*** Opening of Provided material ***

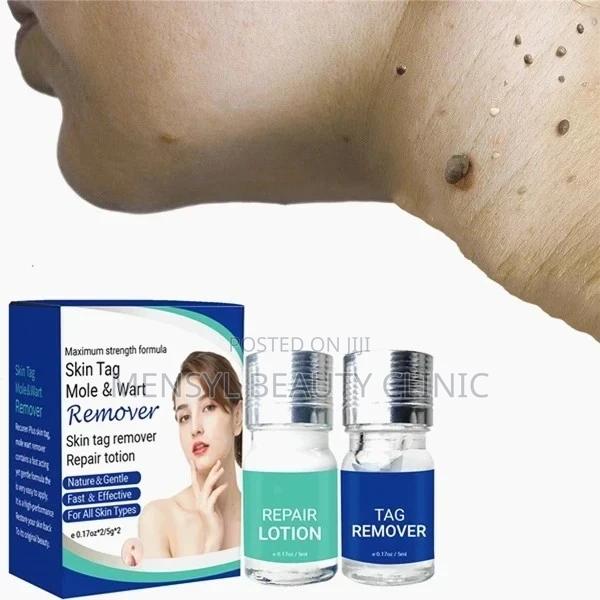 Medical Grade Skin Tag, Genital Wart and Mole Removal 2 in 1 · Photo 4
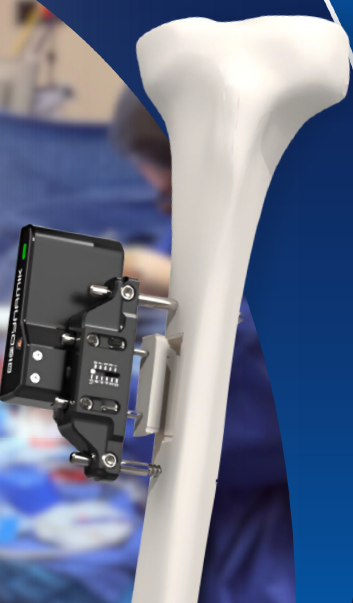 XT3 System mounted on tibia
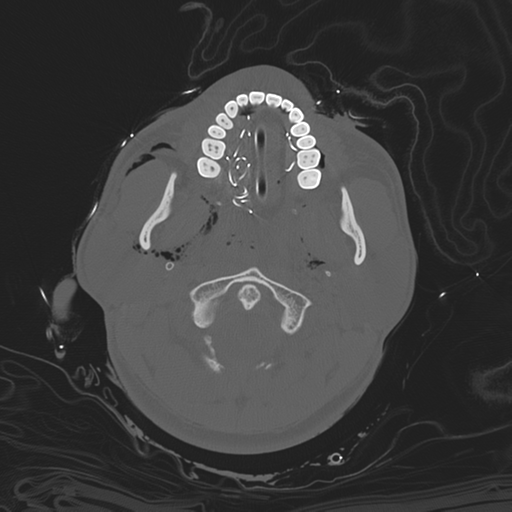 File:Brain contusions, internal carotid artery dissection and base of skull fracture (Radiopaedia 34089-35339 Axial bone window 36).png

*** Close of Provided material ***

**To do**
Pictures are to be left out, and each line from the one that contains "XT3 System mounted on tibia" through the end of the listing is to be copied exactly.

**Answer area**
 XT3 System mounted on tibia
 File:Brain contusions, internal carotid artery dissection and base of skull fracture (Radiopaedia 34089-35339 Axial bone window 36).png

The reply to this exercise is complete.